To be clear, Google’s project does require making copies of numerous copyrighted books, and an unauthorized copy at that. Google says this copy is a fair use. And in lawsuits brought in September and October of 2005, the Author’s Guild ( complaint) and the Association of American Publishers ( complaint) argue it is a violation of their rights, and an attempt to unfairly capitalize on their work.
Unlike battles around digital music that have occupied the courts’ attention of late, this case will be of vital importance for the academic community. What is at stake is the possibility of a digital database of all written knowledge, and the question of who gets to produce it and under what conditions. Some think this is the Library at Alexandria finally realized; others think it's risky to have just one company running the stacks. But the case will live or die not on the question of the value of such a database to users, but on the narrower legal question of whether Google has the right to scan the books to begin with.
Perhaps this case will settle -- Google certainly has the funds to do so if it chooses. If it does get heard by the courts, what is of greatest importance, I believe, is how well the doctrine of fair use can carry the weight of this particular dispute. Lawrence Lessig has argued that fair use is being stretched thin because copying is so fundamental to the digital environment; uses that never even rang copyright’s bell, because they now require a copy to be made in the process, find themselves under legal scrutiny. I believe this is true. But fair use has already been pulled in too many directions, well before the Internet stretched it to its breaking point.
Fair use has a century-long history in U.S. courts, as a handy way for judges to stave off copyright claims when the use in question is socially valuable.
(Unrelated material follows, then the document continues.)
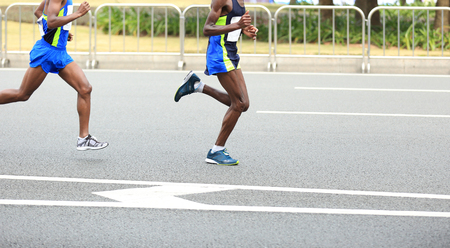 Marathon runner running on city roadの写真素材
At first, it was a way to protect small amounts of copying for the sake of criticism; as Justice Story noted in Folsom v. Marsh (1841), “no one can doubt that a reviewer may fairly cite largely from the original work, if his design be really and truly to use the passages for the purposes of fair and reasonable criticism. On the other hand, it is as clear, that if he thus cites the most important parts of the work, with a view, not to criticize, but to supersede the use of the original work, and substitute the review for it, such a use will be deemed in law a piracy.”
As such, one of the important criteria used by the courts to judge a use fair has been whether the new work is “transformative,” rather than merely replacing the old. The most famous of these is Acuff-Rose v. Campbell (1994), in which a surprisingly culturally savvy Supreme Court found that 2 Live Crew’s sampling of the Roy Orbison classic “Pretty Woman” was a kind of parody, however crude, and should be protected as fair -- it “adds something new, with a further purpose or different character, altering the first with new expression, meaning, or message.”
However, when fair use was finally codified in 1976, the primary motivation was not to protect criticism or parody but to accommodate the increasing use of the Xerox machine, particularly in education. University libraries did not want to risk liability when they made copies of journals and book chapters for faculty and students, and aggressively lobbied Congress for some legal protection to do so. When fair use became law, it included the four factors that had developed through court precedent, but also specified “multiple copies for classroom use” alongside parody, criticism, journalism, and scholarship as the likely contexts for the use to be considered fair.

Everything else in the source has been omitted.